EXERCISE INSTRUCTIONS: Would it be possible to quote, exactly and in full, the lines from the one with "7f8bb753e3a4202c7ada51b84ce62b87.jpeg Silverstone SST-RMS06-22" through the end of the entries below?

DATA:
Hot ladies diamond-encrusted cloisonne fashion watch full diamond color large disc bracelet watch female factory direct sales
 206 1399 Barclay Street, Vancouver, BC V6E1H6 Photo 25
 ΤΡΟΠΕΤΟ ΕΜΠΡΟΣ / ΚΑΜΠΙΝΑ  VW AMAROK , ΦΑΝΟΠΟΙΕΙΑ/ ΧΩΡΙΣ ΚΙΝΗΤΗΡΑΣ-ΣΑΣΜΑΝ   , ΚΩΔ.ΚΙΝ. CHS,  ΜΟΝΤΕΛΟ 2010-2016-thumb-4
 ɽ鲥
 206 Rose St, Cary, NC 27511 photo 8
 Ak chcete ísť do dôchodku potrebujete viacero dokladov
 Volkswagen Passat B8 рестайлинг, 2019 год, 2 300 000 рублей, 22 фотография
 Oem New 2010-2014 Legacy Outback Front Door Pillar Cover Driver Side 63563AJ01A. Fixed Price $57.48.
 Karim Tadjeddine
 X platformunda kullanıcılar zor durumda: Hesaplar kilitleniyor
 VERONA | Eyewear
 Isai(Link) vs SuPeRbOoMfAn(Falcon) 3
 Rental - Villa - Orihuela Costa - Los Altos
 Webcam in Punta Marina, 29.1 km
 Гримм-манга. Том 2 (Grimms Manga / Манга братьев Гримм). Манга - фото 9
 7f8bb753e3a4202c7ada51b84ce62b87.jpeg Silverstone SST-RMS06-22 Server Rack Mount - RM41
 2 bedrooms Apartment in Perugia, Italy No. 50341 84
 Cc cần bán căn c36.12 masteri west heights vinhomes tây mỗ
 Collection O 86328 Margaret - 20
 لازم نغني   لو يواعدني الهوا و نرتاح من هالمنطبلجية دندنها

RESPONSE FOR THIS EXERCISE:
 7f8bb753e3a4202c7ada51b84ce62b87.jpeg Silverstone SST-RMS06-22 Server Rack Mount - RM41
 2 bedrooms Apartment in Perugia, Italy No. 50341 84
 Cc cần bán căn c36.12 masteri west heights vinhomes tây mỗ
 Collection O 86328 Margaret - 20
 لازم نغني   لو يواعدني الهوا و نرتاح من هالمنطبلجية دندنها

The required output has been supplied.